**Problem description**
Set down the entries below exactly; drop the pictures.

**Material supplied**
# # #

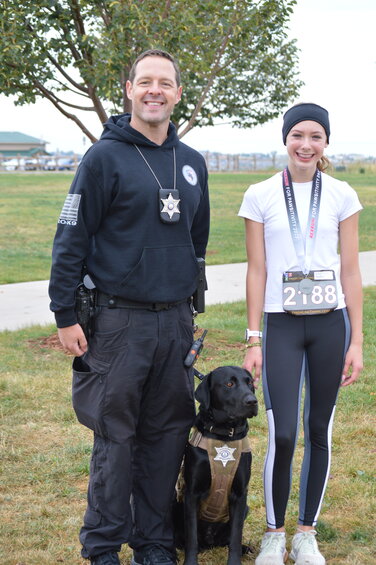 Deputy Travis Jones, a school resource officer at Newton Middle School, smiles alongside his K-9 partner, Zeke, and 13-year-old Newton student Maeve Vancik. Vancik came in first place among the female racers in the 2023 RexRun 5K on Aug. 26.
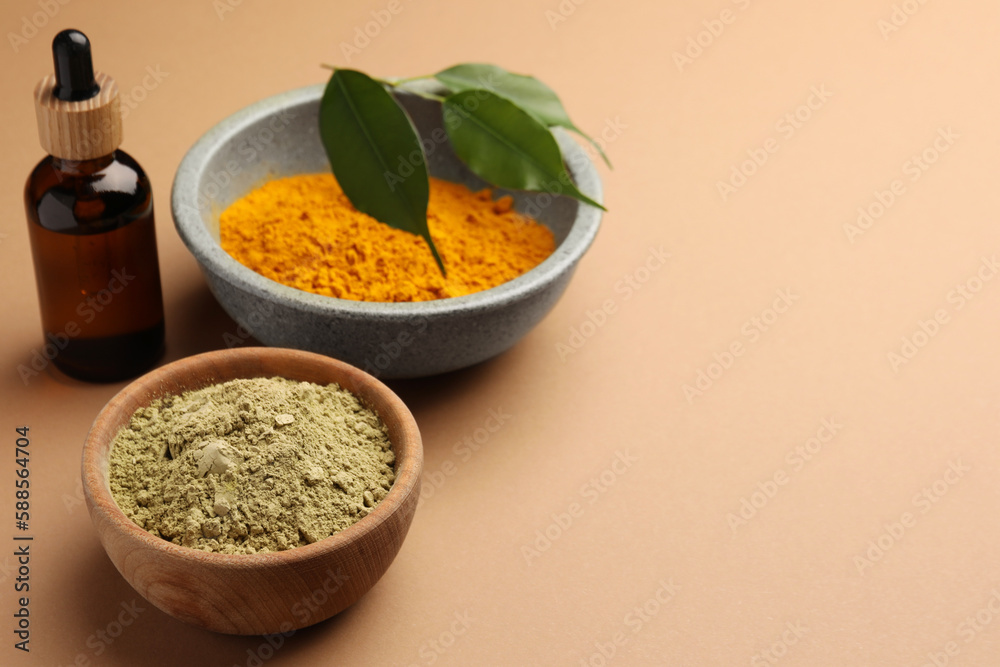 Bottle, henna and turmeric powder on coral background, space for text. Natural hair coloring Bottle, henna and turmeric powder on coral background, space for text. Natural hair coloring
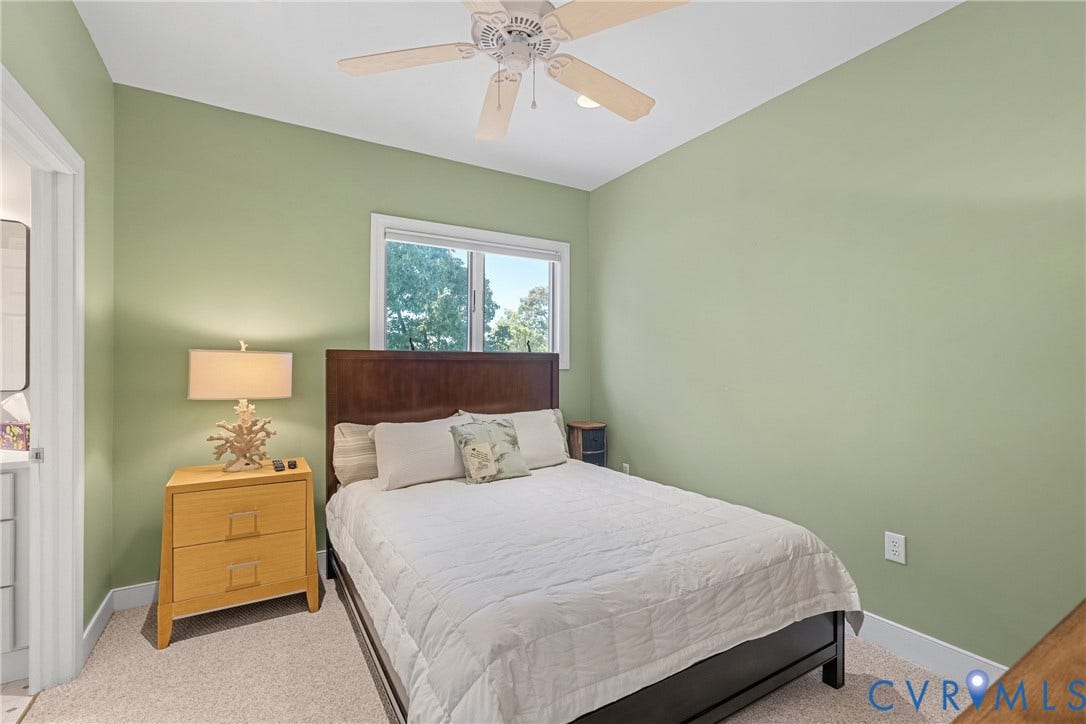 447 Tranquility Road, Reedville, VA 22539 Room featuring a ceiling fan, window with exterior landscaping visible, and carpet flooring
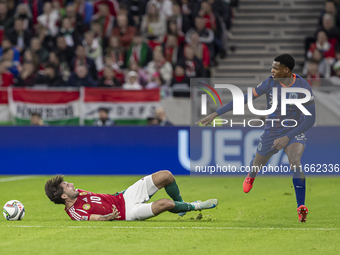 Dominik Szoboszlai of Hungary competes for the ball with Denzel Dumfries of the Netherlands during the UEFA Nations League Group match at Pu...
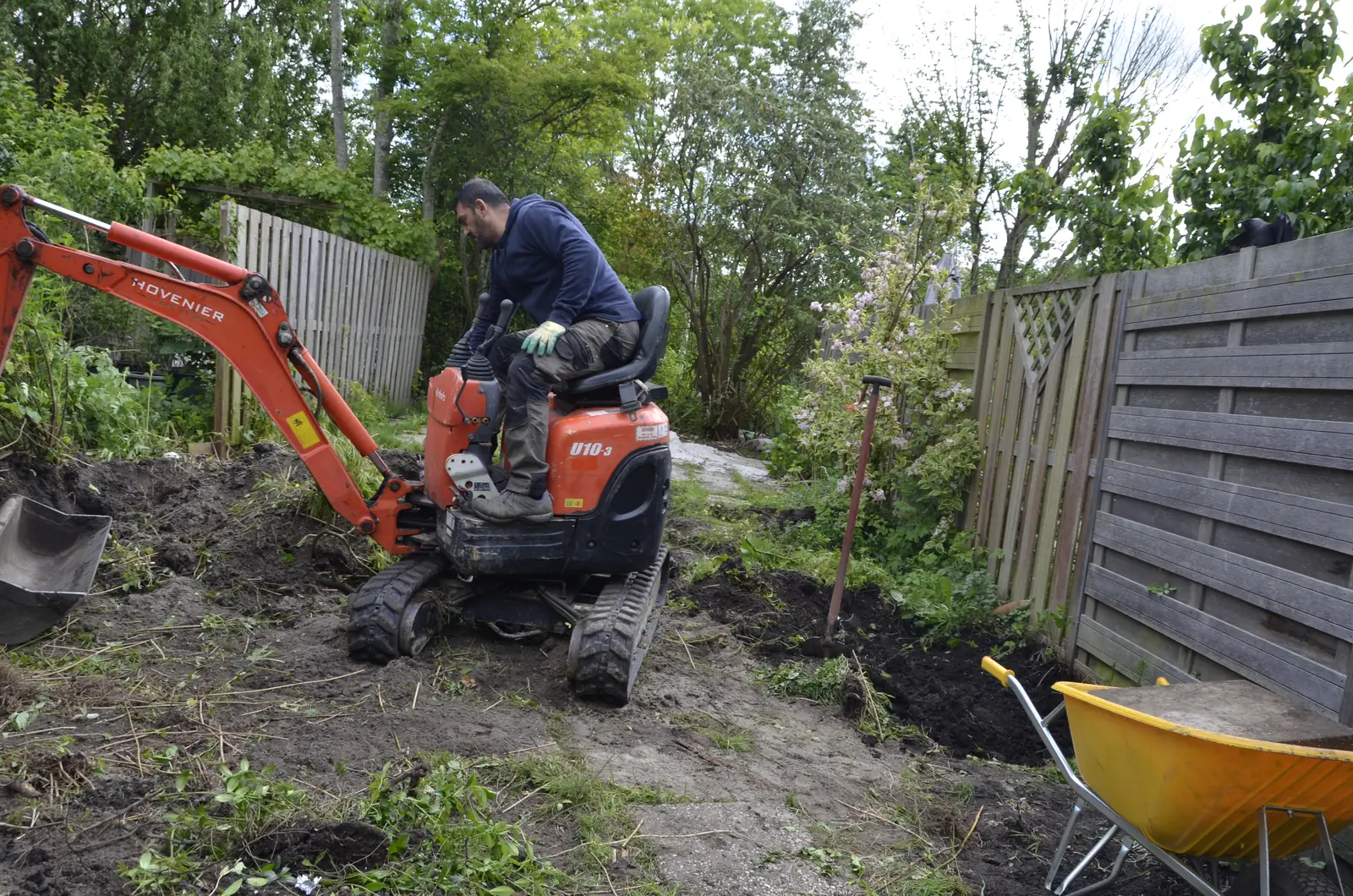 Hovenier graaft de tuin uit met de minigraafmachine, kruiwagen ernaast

# # #

**Response to the task**
 Deputy Travis Jones, a school resource officer at Newton Middle School, smiles alongside his K-9 partner, Zeke, and 13-year-old Newton student Maeve Vancik. Vancik came in first place among the female racers in the 2023 RexRun 5K on Aug. 26.
 Bottle, henna and turmeric powder on coral background, space for text. Natural hair coloring Bottle, henna and turmeric powder on coral background, space for text. Natural hair coloring
 447 Tranquility Road, Reedville, VA 22539 Room featuring a ceiling fan, window with exterior landscaping visible, and carpet flooring
 Dominik Szoboszlai of Hungary competes for the ball with Denzel Dumfries of the Netherlands during the UEFA Nations League Group match at Pu...
 Hovenier graaft de tuin uit met de minigraafmachine, kruiwagen ernaast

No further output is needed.